§ WHAT YOU WILL DO
Exact copy, no pictures: return only the lines below from the line with "SAE Wrench Assortment" up to and including the line with "Opel Agila Agila".

§ AVAILABLE RECORDS

Segment Open

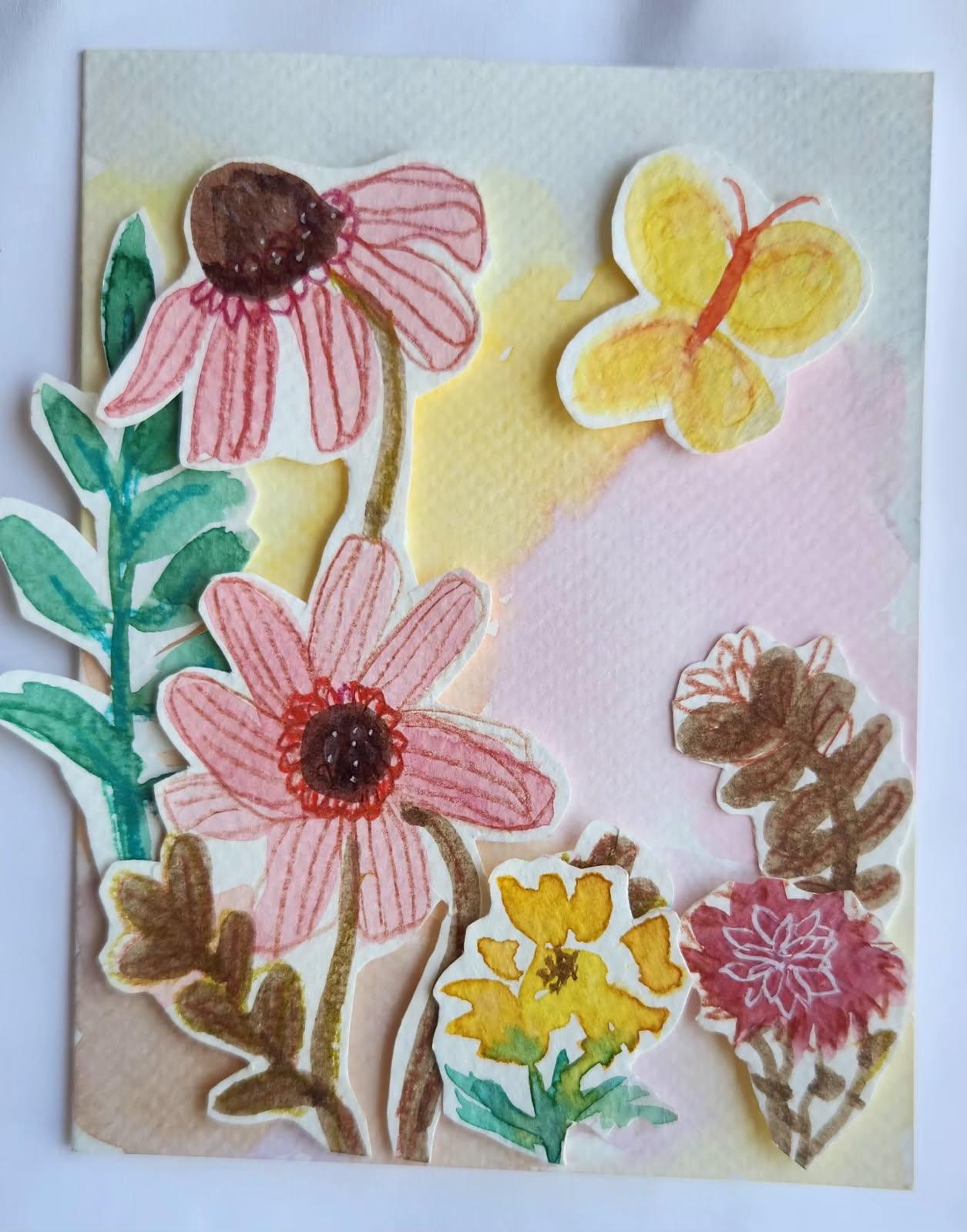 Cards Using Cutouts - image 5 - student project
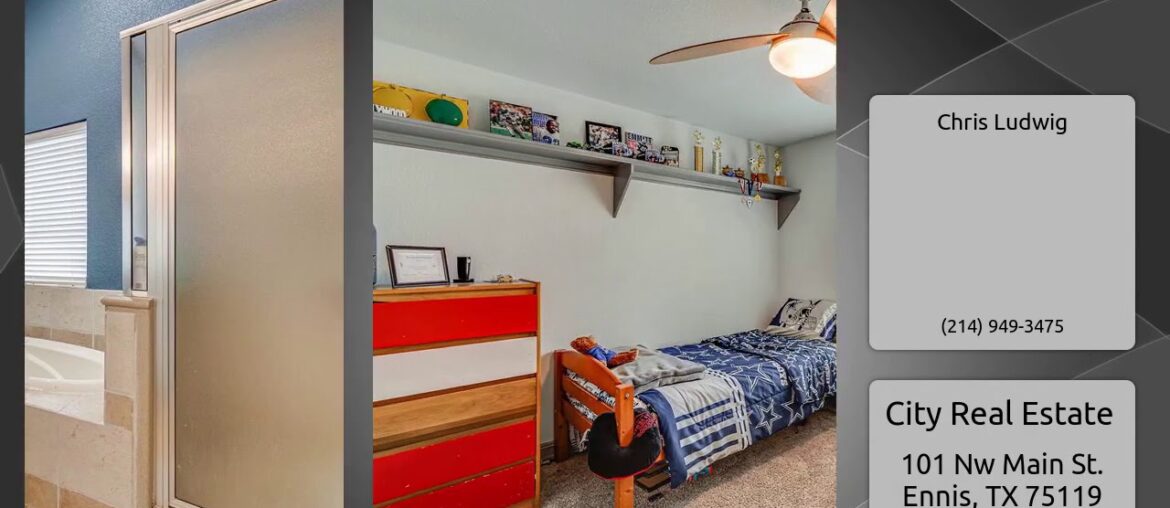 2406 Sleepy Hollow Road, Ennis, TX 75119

Segment Closed
Segment Open

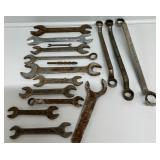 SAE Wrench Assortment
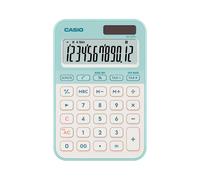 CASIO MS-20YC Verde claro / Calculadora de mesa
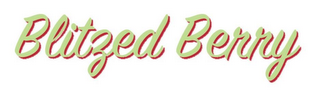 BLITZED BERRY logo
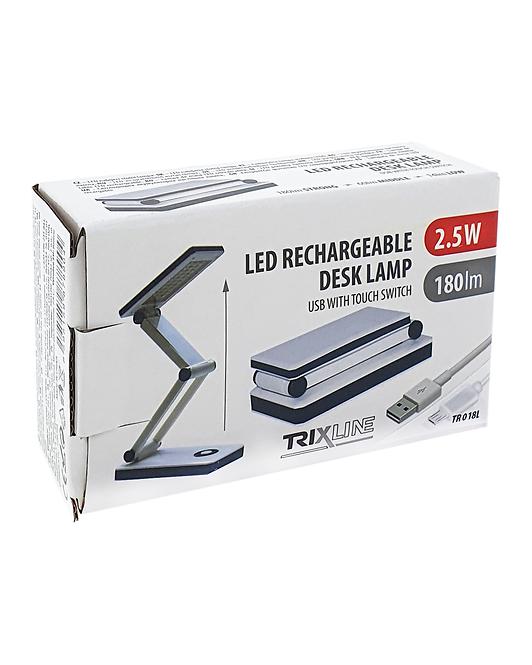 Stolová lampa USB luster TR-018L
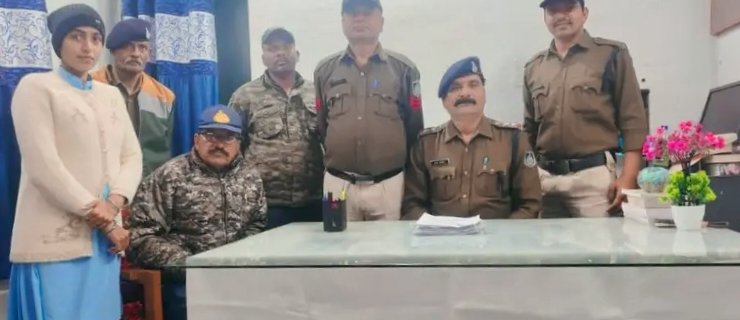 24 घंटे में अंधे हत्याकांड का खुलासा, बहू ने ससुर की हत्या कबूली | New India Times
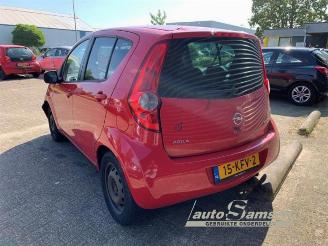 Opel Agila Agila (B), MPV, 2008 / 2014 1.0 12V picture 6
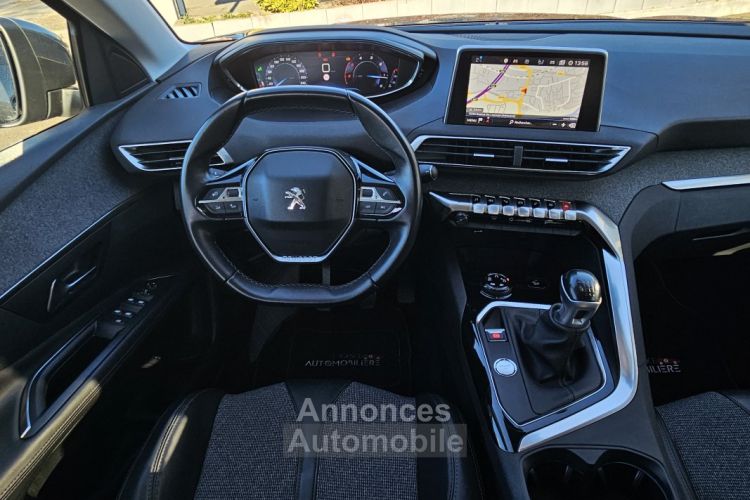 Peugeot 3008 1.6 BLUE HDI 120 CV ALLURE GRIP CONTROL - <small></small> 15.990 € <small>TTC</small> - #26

Segment Closed
Segment Open

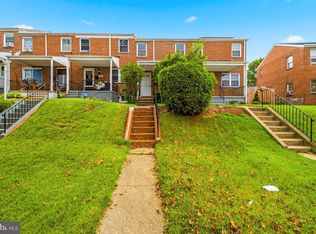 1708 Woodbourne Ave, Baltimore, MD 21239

Segment Closed

§ EXPECTED OUTPUT
 SAE Wrench Assortment
 CASIO MS-20YC Verde claro / Calculadora de mesa
 BLITZED BERRY logo
 Stolová lampa USB luster TR-018L
 24 घंटे में अंधे हत्याकांड का खुलासा, बहू ने ससुर की हत्या कबूली | New India Times
 Opel Agila Agila (B), MPV, 2008 / 2014 1.0 12V picture 6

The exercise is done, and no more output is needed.